#### Exercise aim:
In the entries below, which lines run from the one with "Eine goldene Medaille mit roten Bändern" through the one with "Women's Blazer Suits"? Repeat exactly those, both included, and no pictures.

#### Given records:
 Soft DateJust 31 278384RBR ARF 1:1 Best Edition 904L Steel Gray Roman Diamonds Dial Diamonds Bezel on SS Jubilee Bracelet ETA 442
...
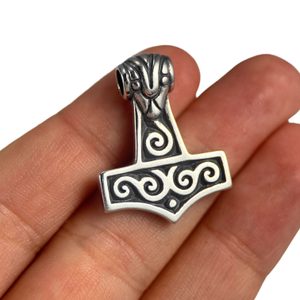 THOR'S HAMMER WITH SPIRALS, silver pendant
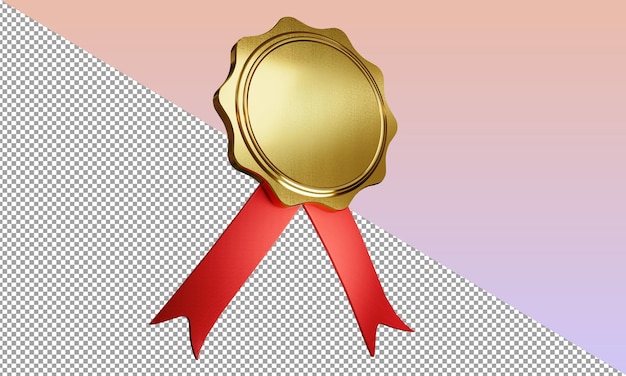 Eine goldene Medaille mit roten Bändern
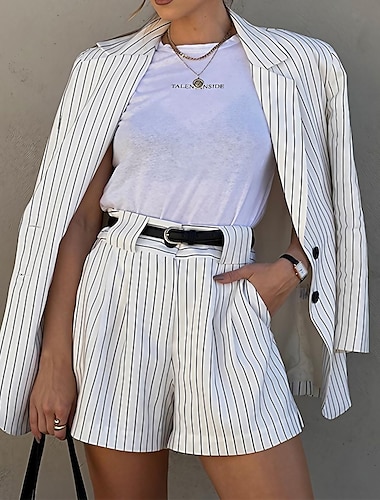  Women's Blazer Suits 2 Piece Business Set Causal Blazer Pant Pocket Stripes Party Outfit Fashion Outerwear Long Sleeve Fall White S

#### Written response:
 Eine goldene Medaille mit roten Bändern
  Women's Blazer Suits 2 Piece Business Set Causal Blazer Pant Pocket Stripes Party Outfit Fashion Outerwear Long Sleeve Fall White S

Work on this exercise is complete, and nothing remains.